Your reply should consist only of the lines from the one holding "Peut inclure: Une" to the last line of the data below, written out exactly and without pictures.

-- Data extracts follows --

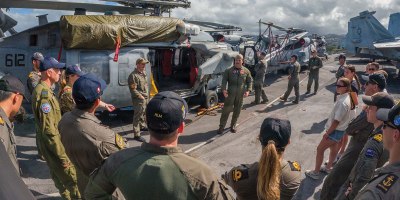 U.S. Navy Lt. Dom Castelli, assigned to Helicopter Sea Combat Squadron (HSC) 8, speaks to sailors from partner countries during an international helicopter experience exchange event on the flight deck of the Nimitz-class aircraft carrier USS Theodore Roosevelt during Exercise Rim of the Pacific 2026.
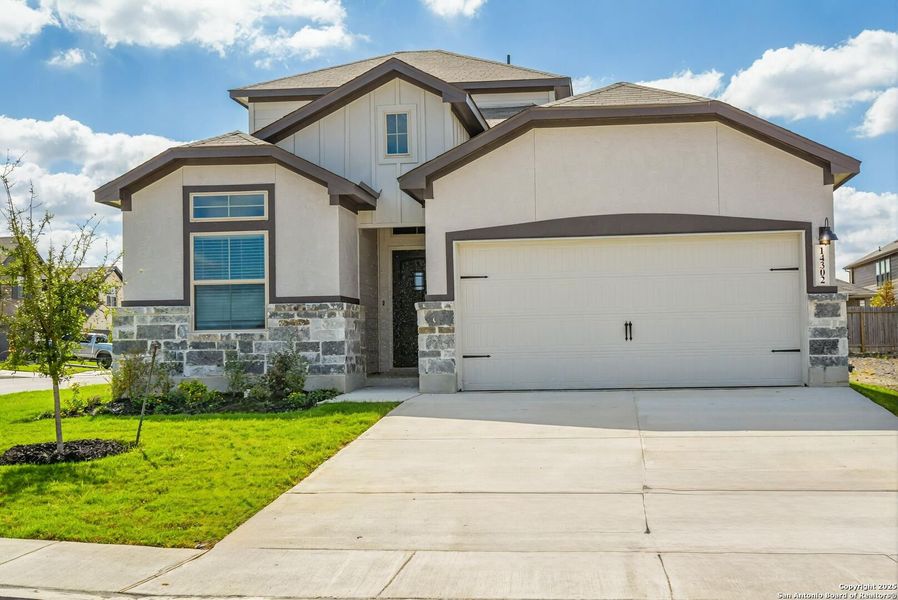 Front exterior of a home in the Morgan Meadows community, located in San Antonio, TX (Image 4).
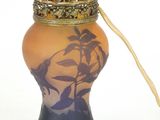 a small vase with a lid and a wooden stick in it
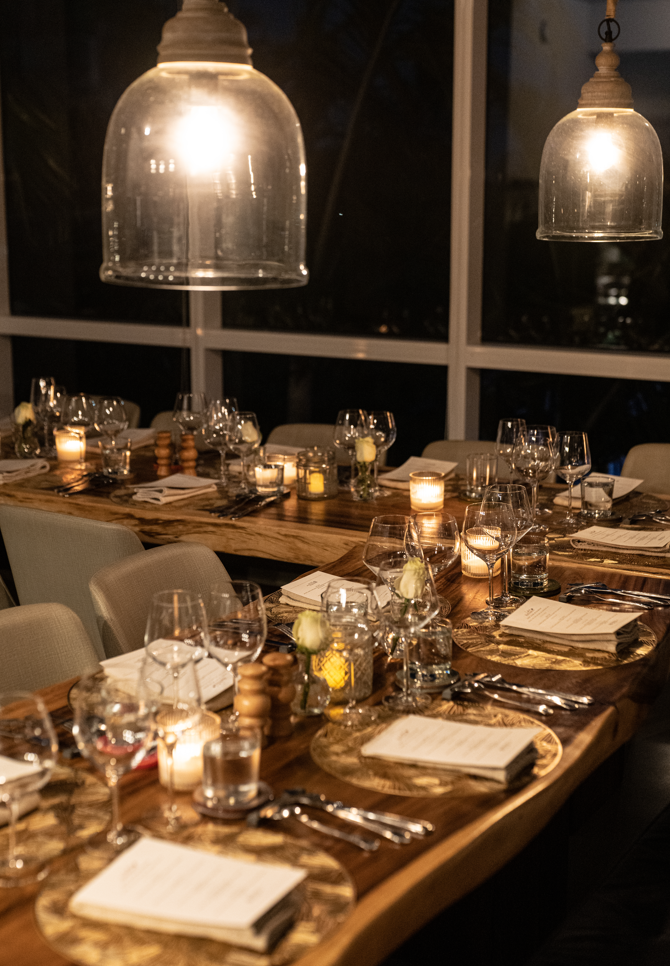 Elegant dining table set for a dinner party with wine glasses, candles, and floral arrangements in a dimly lit room.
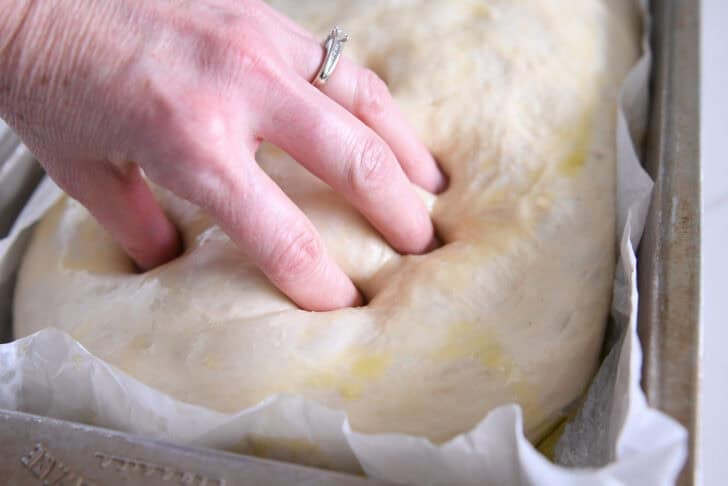 Use your fingers to press into the dimples of the unbaked focaccia bread topped with olive oil.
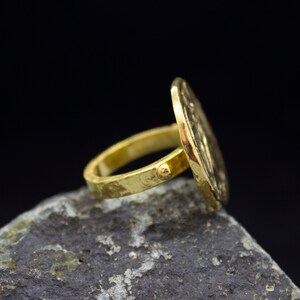 Peut inclure: Une bague en or avec un dessus rond et textur&eacute;. La bague est pos&eacute;e sur une roche grise.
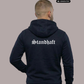 Ein Mann von hinten in einem dunkelblauen Zip-Hoodie mit weißem „Standhaft“-Schriftzug im altdeutschen Stil auf dem Rücken.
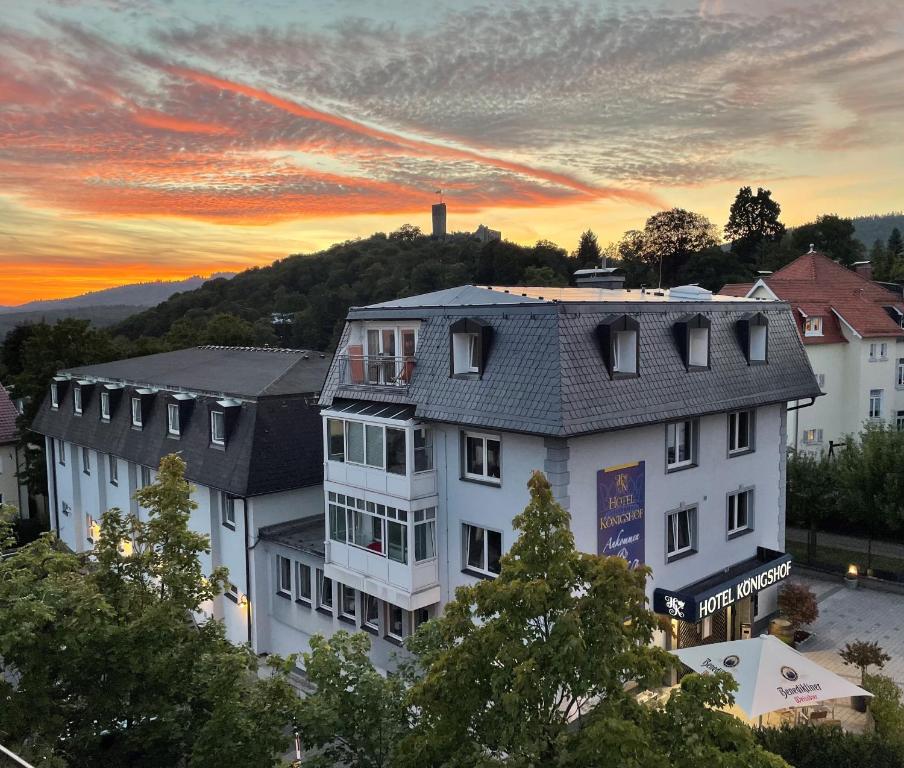 ein großes weißes Gebäude mit Sonnenuntergang im Hintergrund in der Unterkunft Königshof Bed and Breakfast in Königstein im Taunus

-- Data extracts concluded --

The completed task
 Peut inclure: Une bague en or avec un dessus rond et textur&eacute;. La bague est pos&eacute;e sur une roche grise.
 Ein Mann von hinten in einem dunkelblauen Zip-Hoodie mit weißem „Standhaft“-Schriftzug im altdeutschen Stil auf dem Rücken.
 ein großes weißes Gebäude mit Sonnenuntergang im Hintergrund in der Unterkunft Königshof Bed and Breakfast in Königstein im Taunus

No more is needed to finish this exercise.